WASHINGTON - President Barack Obama signed a law Thursday allowing sanctions against senior Venezuelan officials accused of violating the rights of protesters during anti-government demonstrations that rocked the country earlier this year.
The text approved just over a week ago by both houses of Congress would freeze assets and deny visas to Venezuelan authorities responsible for violence and political detentions triggered by the protests.
Thousands of activists were arrested and more than 43 people were killed during mass demonstrations that raged from February to May against the government of President Nicolas Maduro, the elected successor of late strongman Hugo Chavez.
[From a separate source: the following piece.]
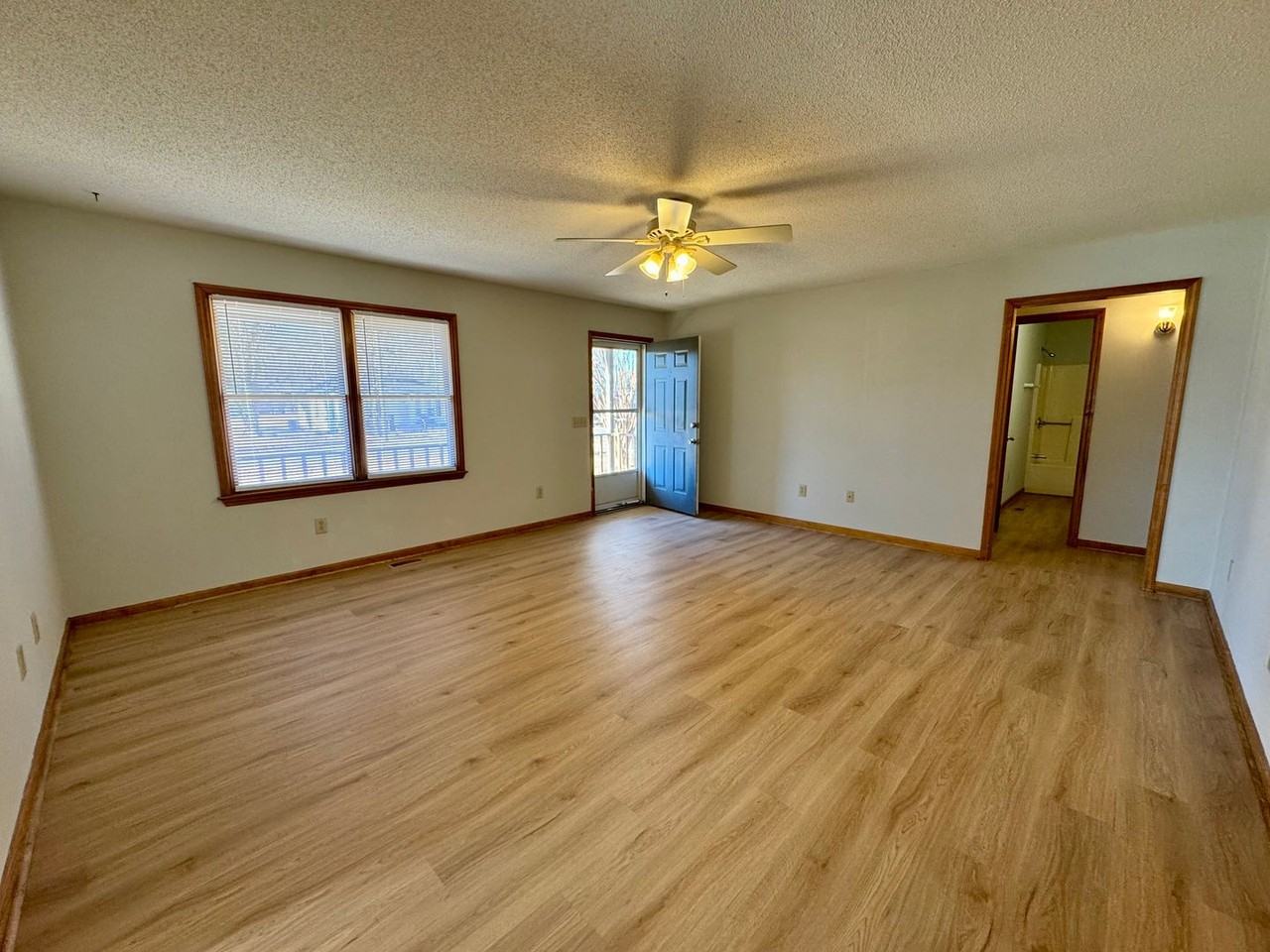 522 Walnut Street - Photo 2 of 14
Maduro has repeatedly accused the United States of fomenting the protests and seeking to overthrow and even assassinate him.
The Venezuelan leader condemned the sanctions law Thursday in a series of Twitter posts, calling it a "misstep" and likening it to the US policy isolating Cuba, which was overturned Wednesday as Obama and Cuba's leader Raul Castro announced a bilateral rapprochement.
Obama "on the one side recognises the failure of the policies of aggression and blockade against our sister Cuba... On the other side, he begins a new stage of attacks" against Venezuela, Maduro tweeted.
Caracas and Washington have had strained diplomatic ties since Chavez first came to power in 1999, leading to the withdrawal of ambassadors from each other's countries in 2010.
However, the United States is the main buyer of Venezuelan oil.